聞き覚えのある声に顔を上げると想像通りの人物が立っていた。

「タクト、どうしたんだ」

てっきり一緒に帰ろうという誘いかと思ったのだが、タクトの表情を見るに違うようだということに気付いたスガタは気まずげな表情で立っているタクトに問いかけてみる。

スガタの問いに益々申し訳なさそうに眉尻を下げていたタクトだが、決意したのかスガタの机に手を置いて距離を縮めて必死な形相で話し始めた。



「勉強を、僕に教えてほしい?」
「そう、その…駄目かな」

タクトに拝まれるように頼まれて少し驚きながらも頼ってくれていることが嬉しかったので、スガタは快く承諾する筈だった。


「で、どこが分からないんだ」
「―――」
「は?」


タクトは今何と言っただろうか、少し自分は彼の綺麗な瞳に見惚れてぼんやりしていたのかもしれない。だが、何回脳内で繰り返しても彼が言った言葉に変化はなかった、当たり前だが。


「――分からないところが分からない、か」
「ス、スガタ……」


呆れたように呟かれたスガタの一言に怒られると思ったタクトは若干オドオドしながら見つめてくる。
スガタはそんな捨てられた子犬みたいな目で見ても無駄だと言おうと思ったが、敢えて口を閉ざした。はっきり言ってあの目に自分が弱いのは事実なのであの目で見られたら何でも許してしまいそうな気もしていたからだ。

しかし、分からないところが分からないとは。それは果たして自分の手に負える問題なのだろうかとうっすら思いはしたが、ここで拒めばタクトが他の誰かに頼ると思うとスガタにはタクトの頼みを断ることは出来なかった。


「とりあえず、ちょっとノート見せてみろ」


案外ノートを見ると色々分かることがあったりするし、まず数学のノートを見せてもらうことにした。

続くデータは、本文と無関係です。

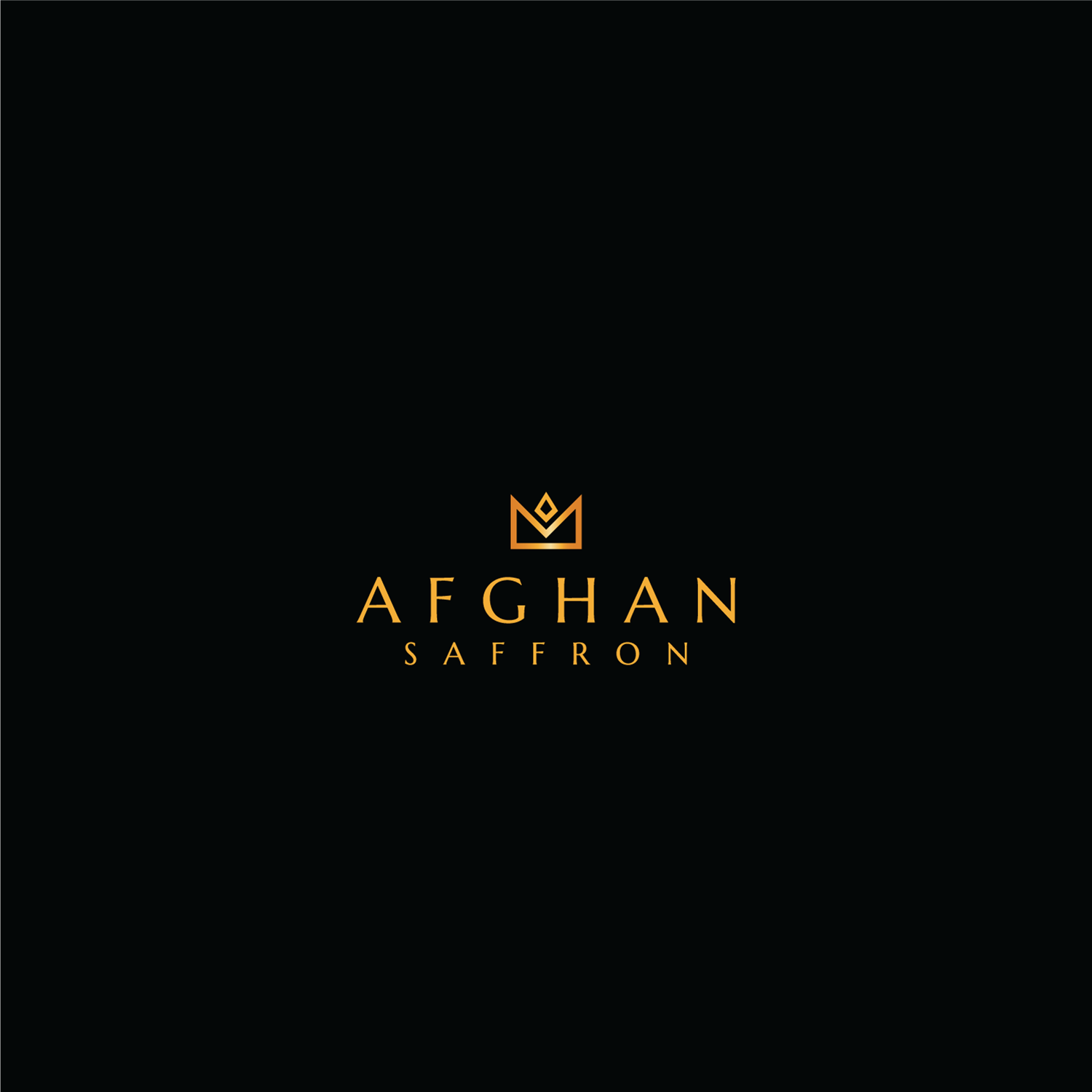 Logo Design by JoiceSinatra for Afghan Saffron USA, LLC | Design #31890939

素直に手渡されたノートを開いてスガタは頭が真っ白になるのを感じた。

「お前、これはどういうことだ……」

スガタの恐ろしい雰囲気と口調に、のんびりしていたタクトは飛び上がるように驚いた。

「……ノート位はちゃんと写せ」
「えっと授業中眠くなっちゃって」


タクトの言い訳にもならない言葉に益々スガタから凶悪なオーラが溢れ出す。それにひいっと悲鳴を上げながらもタクトは追及の目から逃れるようにソッと目を逸らした。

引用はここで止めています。